According to the German domestic intelligence service, the Federal Office for the Protection of the Constitution, [Bundesamt für Verfassungsschutz], there are about 18,000 people supporting or otherwise associated with the loose anti-government Reichsbürger movement, 950 of whom have been classified as "far right extremists."
The number is about 80 percent more than it was in 2016, but however alarming as that increase may sound, the BfV said that investigations into the Reichsbürger movement revealed more of its members, as opposed to the movement itself having a mass influx of new members.
Investigations into the Reichsbürger movement intensified after one of their members shot dead a police officer in Bavaria in 2016 after resisting arrest and confiscation of assorted and illegally hoarded weapons. Reichsbürger roughly translates to "Citizen of the German Reich." The case of Wolfgang Plan, who murdered the police office in Bavaria, lead to the wider crackdown that the BfV is conducting on the Reichsbürgers. He was sentenced in October 2017 to life imprisonment. Since 2016, German authorities have conducted an increasing number of nationwide raids targeting right-wing groups, including houses, apartments and other properties believed to be owned by members of such groups, targeting Reichsbürgers specifically.
On average, members are almost 50 years old and male, according to an earlier report released by Germany's domestic intelligence service. Most of the Reichsbürgers live in Central Saxony, the Vogtlandkreis and the counties of Bautzen and Görlitz, the report says.
The extremist group known as "Reichsbürger" is considered a terrorist organization in Germany where its members procure arms and ammunition. Reichsbürger members do not recognize the modern German state as legitimate, citing technicalities about the fall of the Nazi Third Reich in May 1945, stipulating that while the Wehrmacht top brass did surrender to the Allies, the political leaders of the government, such as ministers and Adolf Hitler himself, never surrendered. Hitler also considered the surrender of Heinrich Himmler and Hermann Göring as high treason, expelling them from the government before the Reich's collapse.

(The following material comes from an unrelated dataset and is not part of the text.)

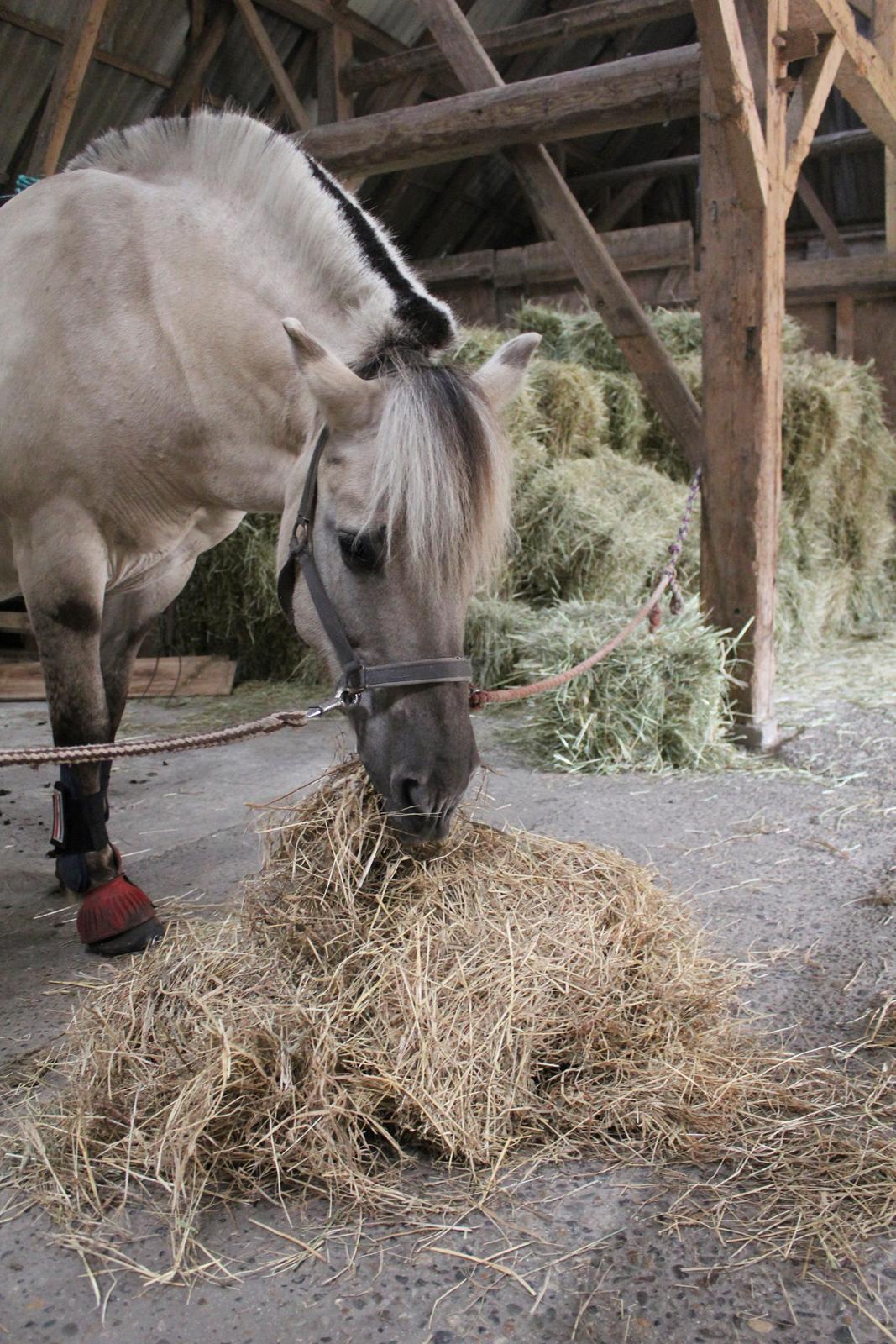 Fjordhest Musti tyler billede 7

The Reichsbürger movement also believes that the legitimate borders of Germany are those of 1937, before the annexation of Austria, the Sudetenland and eventually the rest of Czechoslovakia. These borders, as opposed to those of post-war Germany, include Eastern Prussia, now controlled by Russia, as well as Western Prussia, ceded to Poland. Other Reichsbürgers believe that the 1871 borders of the German Reich under Otto Von Bismarck are in fact the correct ones; they included the historically much-disputed region of Alsace-Lorraine, now controlled by France.
They also refuse to acknowledge the modern constitution and pay no taxes, claiming to be following the laws of the Third Reich's constitution.
The Reichsbürgers have no leadership or "cells," but are loosely associated with each other only by their common ideas that aren't even concrete. Some Reichsbürgers are monarchists; others believe that Germany was wronged in 1945 due to the expulsion of millions of Germans from Prussia and other historically German lands, while some are presumed to be outright neo-Nazis. Their common characteristic is that they reject the German government as legitimate, but as far as other opinions go, the Reichsbürgers are a mixed bag. A few hundred of their members are licensed gun owners.